» **Work to complete**
Every record that appears below should be transcribed exactly.
(Input)
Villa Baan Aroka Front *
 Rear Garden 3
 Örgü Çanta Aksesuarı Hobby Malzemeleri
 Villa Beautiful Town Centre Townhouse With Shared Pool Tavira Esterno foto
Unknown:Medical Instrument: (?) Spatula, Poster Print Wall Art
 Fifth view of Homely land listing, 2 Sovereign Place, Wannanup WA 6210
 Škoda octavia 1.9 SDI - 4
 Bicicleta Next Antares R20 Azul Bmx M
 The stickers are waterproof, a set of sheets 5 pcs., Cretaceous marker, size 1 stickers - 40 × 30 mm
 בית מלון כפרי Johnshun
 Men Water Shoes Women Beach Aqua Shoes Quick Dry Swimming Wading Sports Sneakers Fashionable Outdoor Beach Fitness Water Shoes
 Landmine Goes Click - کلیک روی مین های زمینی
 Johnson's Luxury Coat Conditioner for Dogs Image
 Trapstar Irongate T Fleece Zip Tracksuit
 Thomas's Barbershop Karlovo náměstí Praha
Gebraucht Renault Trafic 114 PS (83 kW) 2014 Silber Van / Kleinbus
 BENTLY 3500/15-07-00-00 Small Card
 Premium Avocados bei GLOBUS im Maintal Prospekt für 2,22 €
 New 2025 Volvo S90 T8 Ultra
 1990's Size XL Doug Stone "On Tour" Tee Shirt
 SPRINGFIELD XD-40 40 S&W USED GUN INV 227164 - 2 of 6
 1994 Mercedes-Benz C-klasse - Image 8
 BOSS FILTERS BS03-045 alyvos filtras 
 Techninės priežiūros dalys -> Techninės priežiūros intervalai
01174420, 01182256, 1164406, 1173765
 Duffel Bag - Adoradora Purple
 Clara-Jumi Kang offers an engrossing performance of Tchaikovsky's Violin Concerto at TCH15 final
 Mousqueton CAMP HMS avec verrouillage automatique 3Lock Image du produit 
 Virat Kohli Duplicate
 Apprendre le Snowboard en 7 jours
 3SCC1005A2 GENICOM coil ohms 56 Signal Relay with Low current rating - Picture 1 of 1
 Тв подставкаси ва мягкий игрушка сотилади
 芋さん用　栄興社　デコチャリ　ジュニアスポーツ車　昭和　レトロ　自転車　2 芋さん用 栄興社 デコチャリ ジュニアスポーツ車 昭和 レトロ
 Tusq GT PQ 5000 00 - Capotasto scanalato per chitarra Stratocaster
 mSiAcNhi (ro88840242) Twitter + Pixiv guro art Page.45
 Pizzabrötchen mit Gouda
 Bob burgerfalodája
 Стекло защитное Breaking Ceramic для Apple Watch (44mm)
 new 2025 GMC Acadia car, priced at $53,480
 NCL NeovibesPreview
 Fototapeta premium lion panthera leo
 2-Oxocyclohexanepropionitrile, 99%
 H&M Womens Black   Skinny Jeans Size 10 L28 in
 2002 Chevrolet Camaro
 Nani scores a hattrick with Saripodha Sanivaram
(End Input)
» **Worked solution**
Villa Baan Aroka Front *
 Rear Garden 3
 Örgü Çanta Aksesuarı Hobby Malzemeleri
 Villa Beautiful Town Centre Townhouse With Shared Pool Tavira Esterno foto
Unknown:Medical Instrument: (?) Spatula, Poster Print Wall Art
 Fifth view of Homely land listing, 2 Sovereign Place, Wannanup WA 6210
 Škoda octavia 1.9 SDI - 4
 Bicicleta Next Antares R20 Azul Bmx M
 The stickers are waterproof, a set of sheets 5 pcs., Cretaceous marker, size 1 stickers - 40 × 30 mm
 בית מלון כפרי Johnshun
 Men Water Shoes Women Beach Aqua Shoes Quick Dry Swimming Wading Sports Sneakers Fashionable Outdoor Beach Fitness Water Shoes
 Landmine Goes Click - کلیک روی مین های زمینی
 Johnson's Luxury Coat Conditioner for Dogs Image
 Trapstar Irongate T Fleece Zip Tracksuit
 Thomas's Barbershop Karlovo náměstí Praha
Gebraucht Renault Trafic 114 PS (83 kW) 2014 Silber Van / Kleinbus
 BENTLY 3500/15-07-00-00 Small Card
 Premium Avocados bei GLOBUS im Maintal Prospekt für 2,22 €
 New 2025 Volvo S90 T8 Ultra
 1990's Size XL Doug Stone "On Tour" Tee Shirt
 SPRINGFIELD XD-40 40 S&W USED GUN INV 227164 - 2 of 6
 1994 Mercedes-Benz C-klasse - Image 8
 BOSS FILTERS BS03-045 alyvos filtras 
 Techninės priežiūros dalys -> Techninės priežiūros intervalai
01174420, 01182256, 1164406, 1173765
 Duffel Bag - Adoradora Purple
 Clara-Jumi Kang offers an engrossing performance of Tchaikovsky's Violin Concerto at TCH15 final
 Mousqueton CAMP HMS avec verrouillage automatique 3Lock Image du produit 
 Virat Kohli Duplicate
 Apprendre le Snowboard en 7 jours
 3SCC1005A2 GENICOM coil ohms 56 Signal Relay with Low current rating - Picture 1 of 1
 Тв подставкаси ва мягкий игрушка сотилади
 芋さん用　栄興社　デコチャリ　ジュニアスポーツ車　昭和　レトロ　自転車　2 芋さん用 栄興社 デコチャリ ジュニアスポーツ車 昭和 レトロ
 Tusq GT PQ 5000 00 - Capotasto scanalato per chitarra Stratocaster
 mSiAcNhi (ro88840242) Twitter + Pixiv guro art Page.45
 Pizzabrötchen mit Gouda
 Bob burgerfalodája
 Стекло защитное Breaking Ceramic для Apple Watch (44mm)
 new 2025 GMC Acadia car, priced at $53,480
 NCL NeovibesPreview
 Fototapeta premium lion panthera leo
 2-Oxocyclohexanepropionitrile, 99%
 H&M Womens Black   Skinny Jeans Size 10 L28 in
 2002 Chevrolet Camaro
 Nani scores a hattrick with Saripodha Sanivaram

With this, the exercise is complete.